> [What to do]
Using the material below, print a verbatim copy of every line from the one containing "Seals Infographic" through the one containing "Pyrus salicifolia", inclusive, and omit the pictures.

> [Supplied material]
---
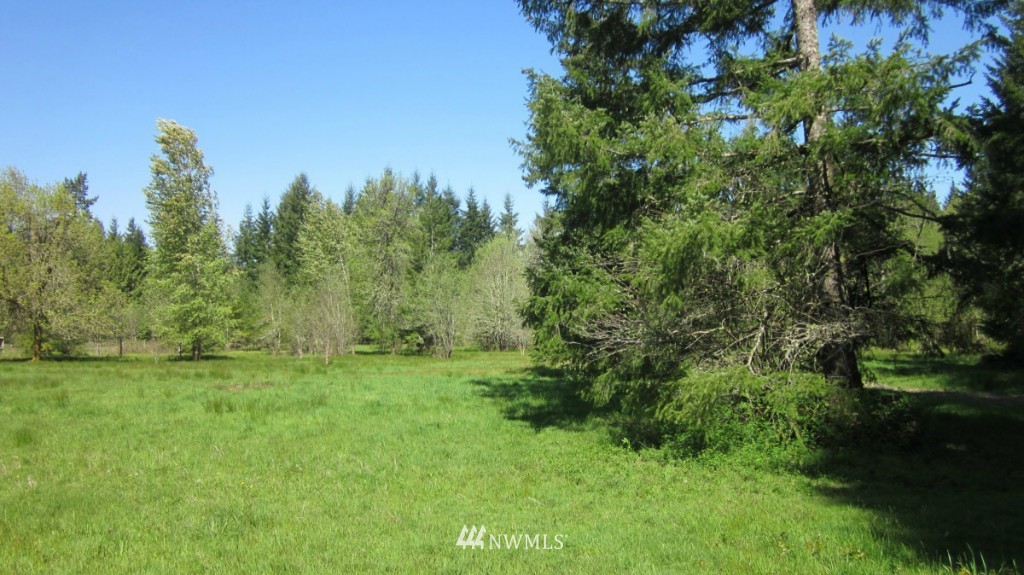 -xxx West Avery Road Winlock, WA 98596 - Photo 2 of 14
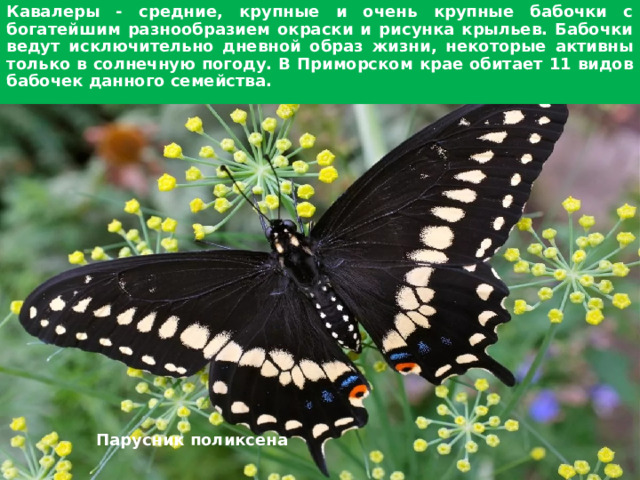 Кавалеры - средние, крупные и очень крупные бабочки с богатейшим разнообразием окраски и рисунка крыльев. Бабочки ведут исключительно дневной образ жизни, некоторые активны только в солнечную погоду. В Приморском крае обитает 11 видов бабочек данного семейства.   Парусник поликсена  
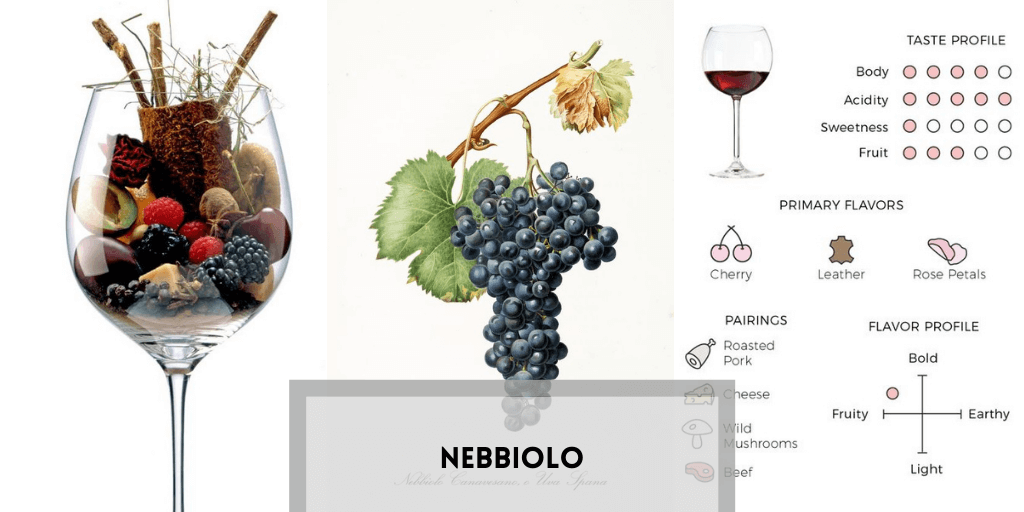 Barolo Wine Tasting Notes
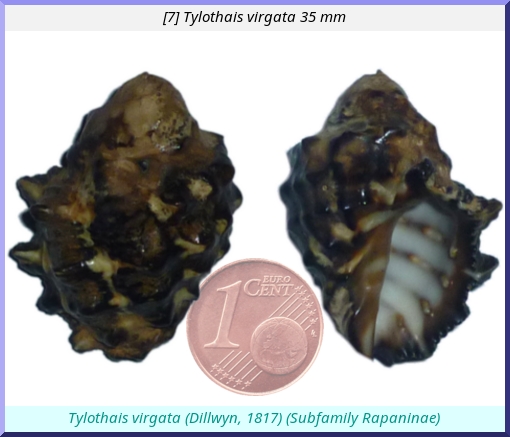 Tylothais virgata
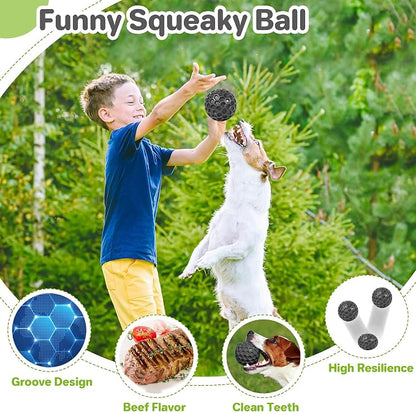 Interactive Squeaky Dog Balls, Dog Toys - Image 4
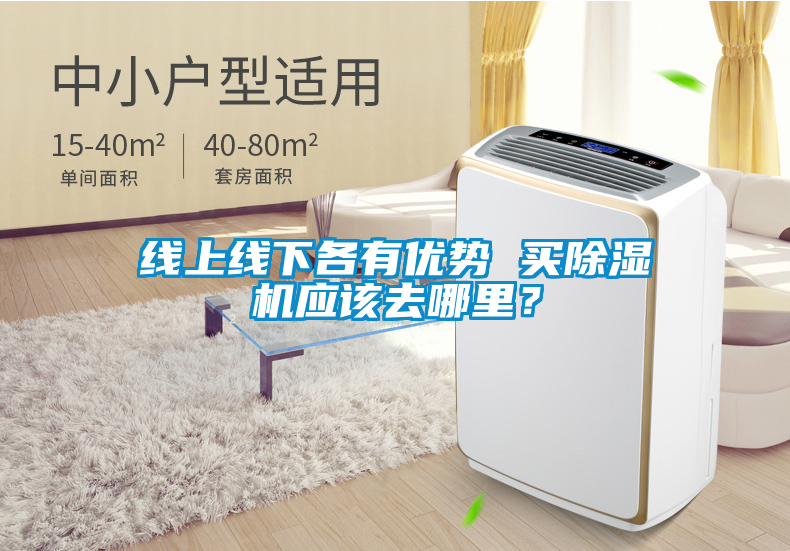 線上線下各有優(yōu)勢 買除濕機應(yīng)該去哪里？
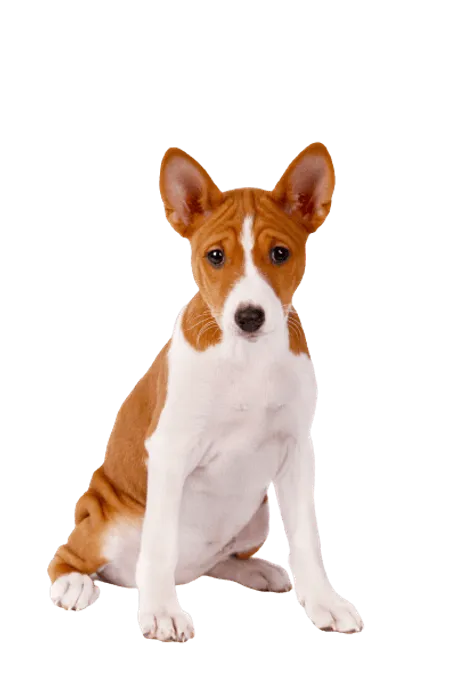 Basenji (2)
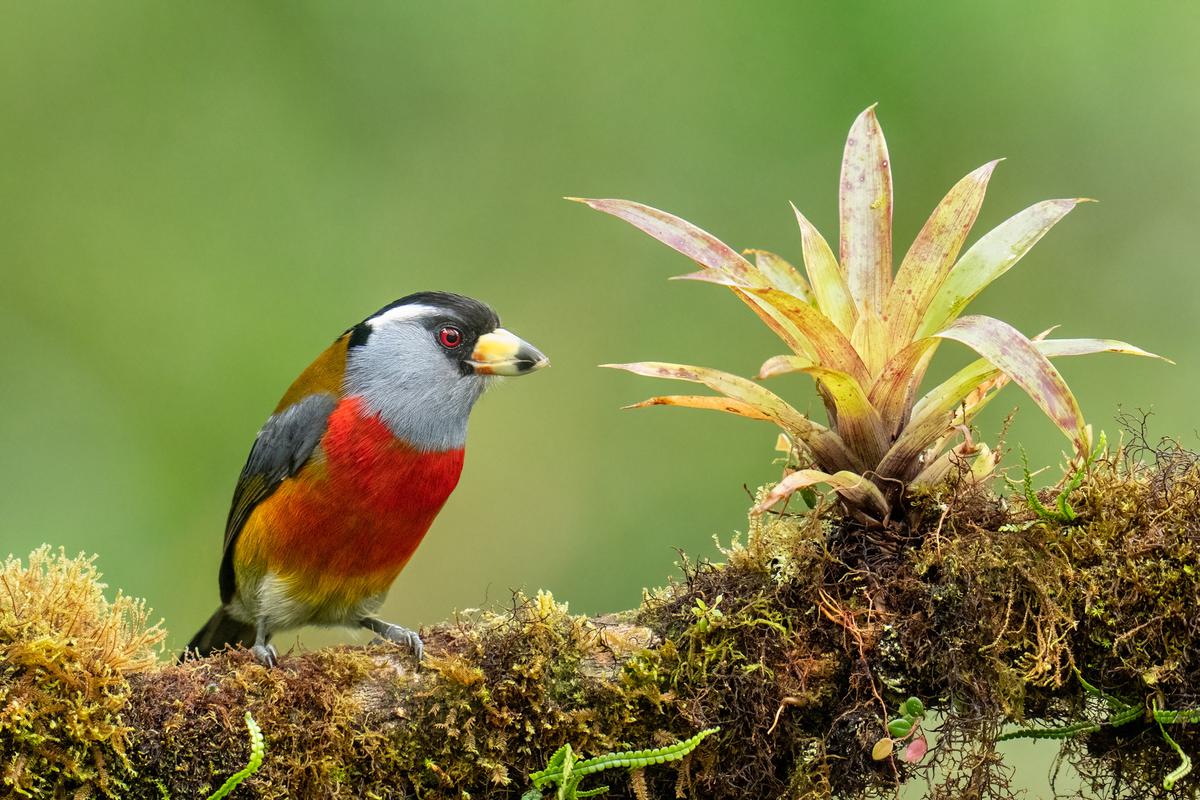 Toucan Barbet 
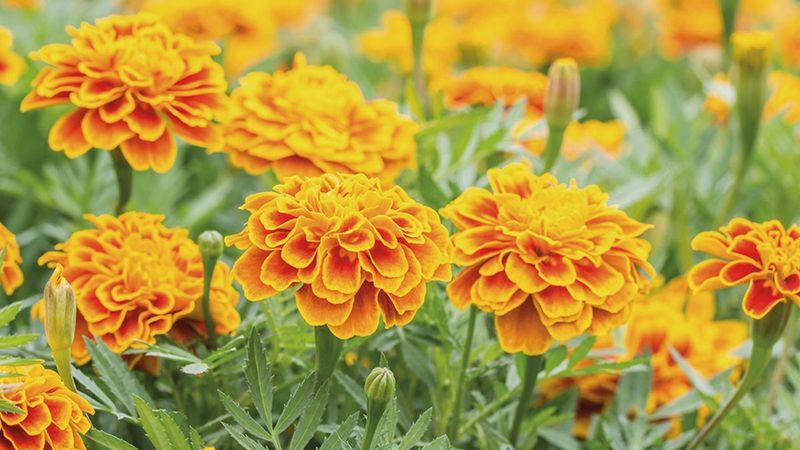 Marigolds (Tagetes spp.)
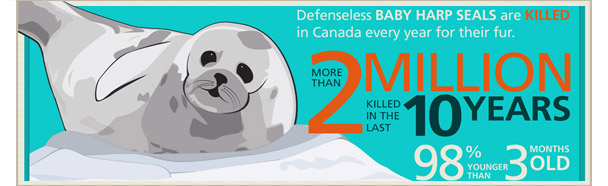 Seals Infographic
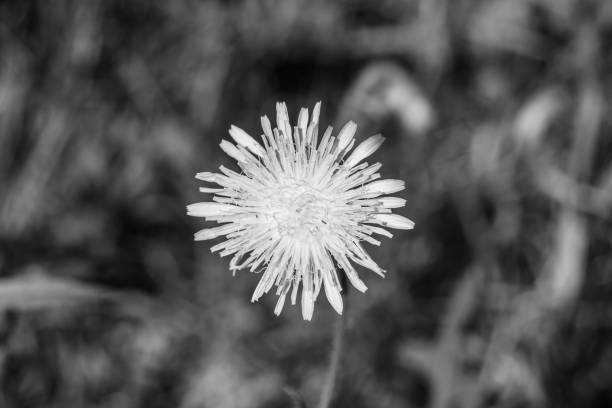 Beautiful wild growing flower seed dandelion on background meadow, photo consisting from wild growing flower seed dandelion to grass meadow, wild growing flower seed dandelion at meadow countryside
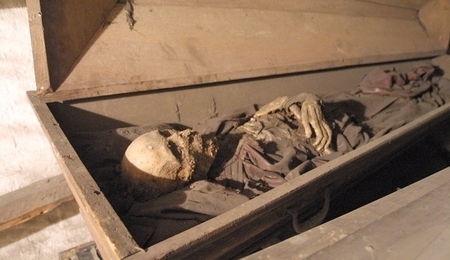 46945.jpg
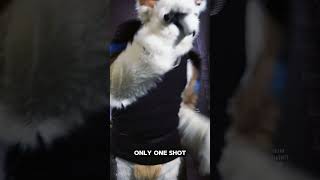 BAP  One Shot 25Second Cover  Fursuit Performance [upl. by Marcille184]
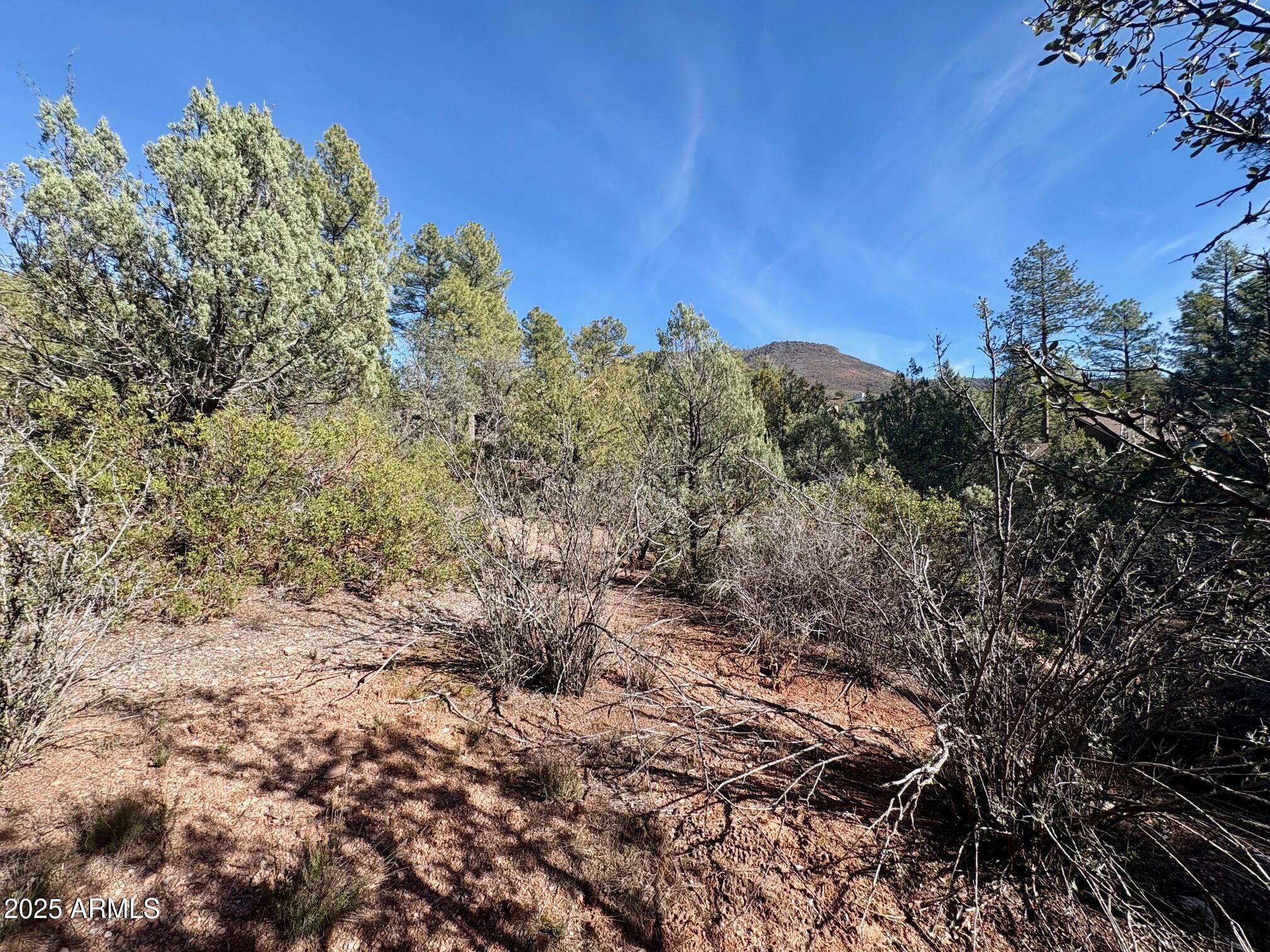 SOLITUDE TRAILS 1 - Land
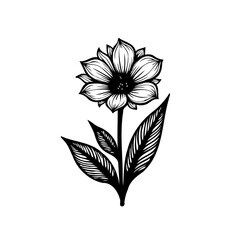Elegant monochrome floral illustration featuring detailed petals and leaves design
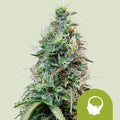 Amnesia Haze Auto
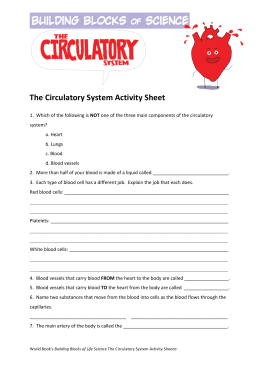 The Circulatory System Activity Sheet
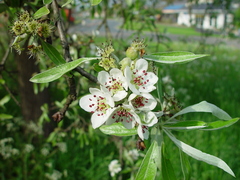Pyrus salicifolia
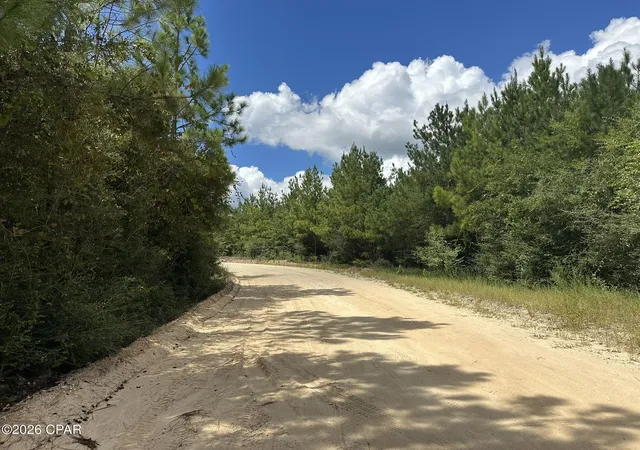Photo 3 of Land for sale at Tract#6418 N Mattox Springs Rd, Caryville, FL 32427 | MLS# 795200 | Listing updated on 2026-09-10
---
> [Exercise result]
 Seals Infographic
 Beautiful wild growing flower seed dandelion on background meadow, photo consisting from wild growing flower seed dandelion to grass meadow, wild growing flower seed dandelion at meadow countryside
 46945.jpg
 BAP  One Shot 25Second Cover  Fursuit Performance [upl. by Marcille184]
 SOLITUDE TRAILS 1 - Land
Elegant monochrome floral illustration featuring detailed petals and leaves design
 Amnesia Haze Auto
 The Circulatory System Activity Sheet
Pyrus salicifolia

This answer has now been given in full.